§ Try it
Reproduce exactly the line containing "Fotografie cu Cătălin" and every line after it, through the last line of the records below; add nothing.

§ Recorded data
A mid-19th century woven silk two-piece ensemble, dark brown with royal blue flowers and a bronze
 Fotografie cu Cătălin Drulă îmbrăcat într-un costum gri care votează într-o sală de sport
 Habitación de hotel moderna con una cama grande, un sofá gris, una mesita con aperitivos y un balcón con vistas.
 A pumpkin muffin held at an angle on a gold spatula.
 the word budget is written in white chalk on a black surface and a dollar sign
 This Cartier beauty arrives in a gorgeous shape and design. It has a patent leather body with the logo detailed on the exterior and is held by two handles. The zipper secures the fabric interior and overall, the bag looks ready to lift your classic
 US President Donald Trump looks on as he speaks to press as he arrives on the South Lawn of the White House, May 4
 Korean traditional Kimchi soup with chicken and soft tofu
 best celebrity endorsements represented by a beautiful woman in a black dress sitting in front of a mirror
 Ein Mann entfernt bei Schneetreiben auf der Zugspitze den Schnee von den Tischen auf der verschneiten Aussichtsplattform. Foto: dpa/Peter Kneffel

§ Response for this exercise
 Fotografie cu Cătălin Drulă îmbrăcat într-un costum gri care votează într-o sală de sport
 Habitación de hotel moderna con una cama grande, un sofá gris, una mesita con aperitivos y un balcón con vistas.
 A pumpkin muffin held at an angle on a gold spatula.
 the word budget is written in white chalk on a black surface and a dollar sign
 This Cartier beauty arrives in a gorgeous shape and design. It has a patent leather body with the logo detailed on the exterior and is held by two handles. The zipper secures the fabric interior and overall, the bag looks ready to lift your classic
 US President Donald Trump looks on as he speaks to press as he arrives on the South Lawn of the White House, May 4
 Korean traditional Kimchi soup with chicken and soft tofu
 best celebrity endorsements represented by a beautiful woman in a black dress sitting in front of a mirror
 Ein Mann entfernt bei Schneetreiben auf der Zugspitze den Schnee von den Tischen auf der verschneiten Aussichtsplattform. Foto: dpa/Peter Kneffel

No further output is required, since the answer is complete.